Nearly half of the population is reported to have skin tags at some time. Although tags are generally acquired (not present at birth) and may occur in anyone, more often they arise in adulthood. They are much more common in middle age and they tend to increase in prevalence up to age 60. Children and toddlers may also develop skin tags in the underarm and neck areas. Since they are thought to arise more readily in areas of skin friction or rubbing, tags are also more common in overweight people.

Picture of skin tags

Hormone elevations, such as those seen during pregnancy, may cause an increase in the formation of skin tags, as skin tags are more frequent in pregnant women. Tags may be easily removed during or after pregnancy.

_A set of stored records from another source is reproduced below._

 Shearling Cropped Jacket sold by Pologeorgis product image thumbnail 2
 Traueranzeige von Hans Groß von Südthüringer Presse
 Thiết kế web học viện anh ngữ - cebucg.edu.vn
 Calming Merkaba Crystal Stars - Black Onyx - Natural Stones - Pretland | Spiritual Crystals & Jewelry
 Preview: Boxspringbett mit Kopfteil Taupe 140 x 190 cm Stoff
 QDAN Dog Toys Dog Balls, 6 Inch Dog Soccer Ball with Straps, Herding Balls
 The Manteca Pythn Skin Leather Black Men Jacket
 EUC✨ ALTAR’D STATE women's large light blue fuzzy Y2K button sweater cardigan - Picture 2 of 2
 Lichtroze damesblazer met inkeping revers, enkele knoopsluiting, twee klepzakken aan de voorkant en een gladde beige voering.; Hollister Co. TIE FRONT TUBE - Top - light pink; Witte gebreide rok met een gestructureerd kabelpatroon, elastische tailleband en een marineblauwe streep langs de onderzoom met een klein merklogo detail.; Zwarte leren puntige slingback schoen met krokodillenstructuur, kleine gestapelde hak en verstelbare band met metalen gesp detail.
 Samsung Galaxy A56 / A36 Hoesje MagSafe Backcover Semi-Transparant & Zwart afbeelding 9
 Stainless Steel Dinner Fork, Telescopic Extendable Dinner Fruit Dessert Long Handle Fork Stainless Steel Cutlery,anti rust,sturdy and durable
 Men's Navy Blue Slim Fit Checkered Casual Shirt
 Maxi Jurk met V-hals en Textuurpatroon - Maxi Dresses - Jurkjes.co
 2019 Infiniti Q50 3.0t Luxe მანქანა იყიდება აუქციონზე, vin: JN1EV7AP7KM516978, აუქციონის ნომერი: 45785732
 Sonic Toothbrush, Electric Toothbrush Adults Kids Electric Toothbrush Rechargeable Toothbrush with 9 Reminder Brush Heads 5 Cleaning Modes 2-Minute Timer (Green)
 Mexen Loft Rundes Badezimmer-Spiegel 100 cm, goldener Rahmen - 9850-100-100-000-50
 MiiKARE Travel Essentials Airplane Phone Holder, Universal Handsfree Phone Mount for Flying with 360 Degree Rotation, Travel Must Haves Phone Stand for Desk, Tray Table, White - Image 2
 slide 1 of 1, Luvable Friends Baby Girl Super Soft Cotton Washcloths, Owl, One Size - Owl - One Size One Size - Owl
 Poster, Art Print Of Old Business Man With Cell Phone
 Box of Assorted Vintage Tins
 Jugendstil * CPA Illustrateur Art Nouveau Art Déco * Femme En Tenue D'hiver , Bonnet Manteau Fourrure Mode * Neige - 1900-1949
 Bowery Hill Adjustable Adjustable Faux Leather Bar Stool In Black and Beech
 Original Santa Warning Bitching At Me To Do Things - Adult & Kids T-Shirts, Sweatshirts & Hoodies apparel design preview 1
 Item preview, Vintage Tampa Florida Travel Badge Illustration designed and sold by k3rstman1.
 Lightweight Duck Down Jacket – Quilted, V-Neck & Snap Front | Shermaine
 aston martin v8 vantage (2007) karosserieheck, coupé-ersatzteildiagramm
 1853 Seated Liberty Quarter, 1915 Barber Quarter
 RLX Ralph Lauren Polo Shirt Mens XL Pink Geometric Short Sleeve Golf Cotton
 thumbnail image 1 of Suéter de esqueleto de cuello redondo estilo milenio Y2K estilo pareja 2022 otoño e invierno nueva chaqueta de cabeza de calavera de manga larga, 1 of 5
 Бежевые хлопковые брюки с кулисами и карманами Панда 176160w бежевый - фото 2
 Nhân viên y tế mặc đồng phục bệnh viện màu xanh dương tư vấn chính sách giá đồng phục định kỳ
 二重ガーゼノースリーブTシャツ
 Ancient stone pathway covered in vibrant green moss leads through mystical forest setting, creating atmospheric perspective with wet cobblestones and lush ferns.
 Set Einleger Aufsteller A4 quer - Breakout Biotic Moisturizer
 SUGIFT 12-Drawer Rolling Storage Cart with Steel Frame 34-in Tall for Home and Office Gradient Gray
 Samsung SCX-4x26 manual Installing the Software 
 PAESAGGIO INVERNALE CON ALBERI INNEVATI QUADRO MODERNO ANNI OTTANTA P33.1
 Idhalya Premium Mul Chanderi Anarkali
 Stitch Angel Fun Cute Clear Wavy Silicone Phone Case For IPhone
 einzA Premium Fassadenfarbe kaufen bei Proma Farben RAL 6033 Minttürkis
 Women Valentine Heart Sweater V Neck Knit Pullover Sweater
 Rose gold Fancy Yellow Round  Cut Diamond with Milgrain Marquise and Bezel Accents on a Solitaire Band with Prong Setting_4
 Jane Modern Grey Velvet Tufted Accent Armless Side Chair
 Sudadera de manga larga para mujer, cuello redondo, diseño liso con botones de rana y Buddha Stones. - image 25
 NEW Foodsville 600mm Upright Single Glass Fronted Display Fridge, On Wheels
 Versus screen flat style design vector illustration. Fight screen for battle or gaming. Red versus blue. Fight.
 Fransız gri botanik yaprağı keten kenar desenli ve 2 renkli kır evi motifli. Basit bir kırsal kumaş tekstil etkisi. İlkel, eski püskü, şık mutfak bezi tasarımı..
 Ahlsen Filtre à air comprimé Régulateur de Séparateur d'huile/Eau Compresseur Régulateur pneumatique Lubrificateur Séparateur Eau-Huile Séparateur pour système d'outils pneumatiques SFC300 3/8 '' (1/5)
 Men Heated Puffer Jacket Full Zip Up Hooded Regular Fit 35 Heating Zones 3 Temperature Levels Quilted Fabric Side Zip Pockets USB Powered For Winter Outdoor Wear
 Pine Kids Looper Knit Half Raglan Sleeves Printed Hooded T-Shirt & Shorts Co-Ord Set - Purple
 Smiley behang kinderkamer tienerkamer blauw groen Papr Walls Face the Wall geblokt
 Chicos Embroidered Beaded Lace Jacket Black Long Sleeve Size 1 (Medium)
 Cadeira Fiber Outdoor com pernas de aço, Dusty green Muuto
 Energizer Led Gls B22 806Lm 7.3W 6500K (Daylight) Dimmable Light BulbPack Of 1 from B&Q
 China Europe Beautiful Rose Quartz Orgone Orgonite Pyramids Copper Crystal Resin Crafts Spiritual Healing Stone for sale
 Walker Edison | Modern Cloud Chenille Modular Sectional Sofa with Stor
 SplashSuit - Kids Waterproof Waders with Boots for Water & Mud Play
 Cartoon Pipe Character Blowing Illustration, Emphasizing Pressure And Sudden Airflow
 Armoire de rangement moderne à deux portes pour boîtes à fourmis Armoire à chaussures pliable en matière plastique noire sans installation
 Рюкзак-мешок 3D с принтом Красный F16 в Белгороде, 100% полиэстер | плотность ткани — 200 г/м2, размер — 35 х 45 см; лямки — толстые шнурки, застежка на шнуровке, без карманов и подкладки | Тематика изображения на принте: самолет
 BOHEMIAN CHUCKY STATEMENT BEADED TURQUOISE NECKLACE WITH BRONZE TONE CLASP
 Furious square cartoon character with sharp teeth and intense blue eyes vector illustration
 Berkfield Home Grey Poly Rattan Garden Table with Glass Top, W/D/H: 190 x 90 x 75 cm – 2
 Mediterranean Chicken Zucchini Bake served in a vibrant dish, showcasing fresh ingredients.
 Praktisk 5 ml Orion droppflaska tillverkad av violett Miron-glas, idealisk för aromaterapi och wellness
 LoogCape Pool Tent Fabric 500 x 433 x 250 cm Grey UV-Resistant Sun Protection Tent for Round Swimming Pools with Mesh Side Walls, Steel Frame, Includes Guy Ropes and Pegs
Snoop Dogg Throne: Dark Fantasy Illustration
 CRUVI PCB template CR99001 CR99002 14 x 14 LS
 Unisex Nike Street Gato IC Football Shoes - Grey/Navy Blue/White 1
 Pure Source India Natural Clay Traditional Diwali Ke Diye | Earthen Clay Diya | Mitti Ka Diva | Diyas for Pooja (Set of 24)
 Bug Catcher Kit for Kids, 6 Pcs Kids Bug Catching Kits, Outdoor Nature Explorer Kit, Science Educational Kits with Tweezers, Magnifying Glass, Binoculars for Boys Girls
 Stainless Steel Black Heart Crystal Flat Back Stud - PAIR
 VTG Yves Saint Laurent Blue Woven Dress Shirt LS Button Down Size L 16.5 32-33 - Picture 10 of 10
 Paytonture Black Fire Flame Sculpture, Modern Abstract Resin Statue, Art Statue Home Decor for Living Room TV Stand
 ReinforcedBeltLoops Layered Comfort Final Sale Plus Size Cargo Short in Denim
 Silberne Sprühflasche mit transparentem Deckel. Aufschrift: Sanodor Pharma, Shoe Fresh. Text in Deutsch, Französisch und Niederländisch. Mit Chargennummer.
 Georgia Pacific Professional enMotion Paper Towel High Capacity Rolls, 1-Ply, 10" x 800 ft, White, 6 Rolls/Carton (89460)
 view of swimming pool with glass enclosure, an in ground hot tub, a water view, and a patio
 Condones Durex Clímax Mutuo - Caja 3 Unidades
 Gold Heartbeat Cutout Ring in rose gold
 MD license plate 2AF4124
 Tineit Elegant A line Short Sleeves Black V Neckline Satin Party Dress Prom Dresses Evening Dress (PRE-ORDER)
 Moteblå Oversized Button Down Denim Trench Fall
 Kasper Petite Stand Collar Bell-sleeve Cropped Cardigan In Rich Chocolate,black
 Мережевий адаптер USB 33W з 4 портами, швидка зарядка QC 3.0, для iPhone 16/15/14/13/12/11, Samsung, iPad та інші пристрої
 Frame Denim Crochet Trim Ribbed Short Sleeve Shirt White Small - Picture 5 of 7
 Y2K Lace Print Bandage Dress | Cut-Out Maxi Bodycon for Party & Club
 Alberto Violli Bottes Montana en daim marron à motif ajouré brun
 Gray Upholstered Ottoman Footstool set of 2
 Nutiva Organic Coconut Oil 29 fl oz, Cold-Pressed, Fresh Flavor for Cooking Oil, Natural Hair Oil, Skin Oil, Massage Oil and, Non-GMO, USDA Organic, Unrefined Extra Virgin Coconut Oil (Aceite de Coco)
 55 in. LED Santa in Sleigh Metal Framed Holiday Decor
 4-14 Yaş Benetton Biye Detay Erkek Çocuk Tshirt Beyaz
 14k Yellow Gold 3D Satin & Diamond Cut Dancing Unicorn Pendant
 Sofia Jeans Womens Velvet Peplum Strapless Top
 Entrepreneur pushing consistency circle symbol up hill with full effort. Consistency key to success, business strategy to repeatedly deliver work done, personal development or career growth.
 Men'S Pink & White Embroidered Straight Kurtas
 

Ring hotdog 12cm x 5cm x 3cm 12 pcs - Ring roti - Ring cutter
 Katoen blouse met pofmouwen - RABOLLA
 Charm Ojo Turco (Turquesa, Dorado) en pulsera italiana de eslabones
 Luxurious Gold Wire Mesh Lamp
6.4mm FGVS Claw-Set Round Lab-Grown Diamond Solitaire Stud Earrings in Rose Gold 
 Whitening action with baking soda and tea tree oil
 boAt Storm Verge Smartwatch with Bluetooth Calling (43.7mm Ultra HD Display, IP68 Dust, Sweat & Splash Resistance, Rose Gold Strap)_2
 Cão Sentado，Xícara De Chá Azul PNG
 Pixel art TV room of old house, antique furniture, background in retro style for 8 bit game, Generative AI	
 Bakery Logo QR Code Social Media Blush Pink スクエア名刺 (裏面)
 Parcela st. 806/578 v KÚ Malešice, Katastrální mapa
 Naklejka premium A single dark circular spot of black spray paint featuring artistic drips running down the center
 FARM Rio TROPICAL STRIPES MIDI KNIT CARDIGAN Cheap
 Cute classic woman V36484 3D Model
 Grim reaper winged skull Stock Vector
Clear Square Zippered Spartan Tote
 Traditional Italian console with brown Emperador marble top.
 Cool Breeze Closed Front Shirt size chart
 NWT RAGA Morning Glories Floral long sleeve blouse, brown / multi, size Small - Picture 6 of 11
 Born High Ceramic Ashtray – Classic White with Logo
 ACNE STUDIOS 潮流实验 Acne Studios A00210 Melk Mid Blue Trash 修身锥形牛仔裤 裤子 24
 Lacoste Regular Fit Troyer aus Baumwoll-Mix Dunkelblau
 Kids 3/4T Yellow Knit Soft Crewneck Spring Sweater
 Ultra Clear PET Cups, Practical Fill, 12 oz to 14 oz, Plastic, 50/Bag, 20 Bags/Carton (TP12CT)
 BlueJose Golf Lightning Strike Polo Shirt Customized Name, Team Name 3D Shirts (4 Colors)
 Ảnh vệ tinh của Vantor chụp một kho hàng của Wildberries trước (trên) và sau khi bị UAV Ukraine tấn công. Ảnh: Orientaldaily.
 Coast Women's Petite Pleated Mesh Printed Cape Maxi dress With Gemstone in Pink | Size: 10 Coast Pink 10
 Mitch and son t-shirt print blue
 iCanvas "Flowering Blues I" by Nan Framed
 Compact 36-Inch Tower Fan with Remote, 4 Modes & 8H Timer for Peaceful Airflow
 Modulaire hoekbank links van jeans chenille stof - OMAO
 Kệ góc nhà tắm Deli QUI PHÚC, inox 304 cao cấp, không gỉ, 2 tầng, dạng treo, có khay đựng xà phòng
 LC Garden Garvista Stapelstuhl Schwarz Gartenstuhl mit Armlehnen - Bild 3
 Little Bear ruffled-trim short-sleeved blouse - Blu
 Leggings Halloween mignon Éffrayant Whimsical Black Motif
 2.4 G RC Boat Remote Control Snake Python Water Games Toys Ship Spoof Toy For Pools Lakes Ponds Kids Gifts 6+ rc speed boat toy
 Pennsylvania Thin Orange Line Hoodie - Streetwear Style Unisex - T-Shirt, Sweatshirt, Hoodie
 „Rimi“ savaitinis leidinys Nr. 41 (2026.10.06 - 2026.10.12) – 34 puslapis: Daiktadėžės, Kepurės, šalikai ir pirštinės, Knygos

Skin tags are a benign condition and not directly associated with any other major medical conditions, since tags are commonly found on healthy people.

Is a skin tag a tumor?

Skin tags are a type of growth or tumor, albeit a completely benign and harmless one. Tags are not cancerous (malignant) and not found to have potential to become cancerous if left untreated.

What does a skin tag look like under a microscope?

The outer layer of the skin (the epidermis) shows overgrowth (hyperplasia), and it encloses an underlying layer of skin (the dermis) in which the normally-present collagen fibers appear abnormally loose and swollen. Usually there are no hairs, moles, or other skin structures present in skin tags.

What problems do skin tags cause?

These tiny skin growths generally cause no symptoms unless they are repeatedly irritated as, for example, by the collar or in the groin. Cosmetic removal for unsightly appearance is perhaps the most common reason they are removed. Occasionally, a tag may require removal because it has become irritated and red from bleeding (hemorrhage) or black from twisting and dying of the skin tissue (necrosis). Sometimes they may become snagged by clothing, jewelry, pets, or seatbelts, causing pain or discomfort. Overall these are very benign growths that have no cancer (malignant) potential.

Occasionally a tag may spontaneously fall off without any pain or discomfort. This may occur after the tag has twisted on itself at the stalk base, interrupting the blood flow to the tag.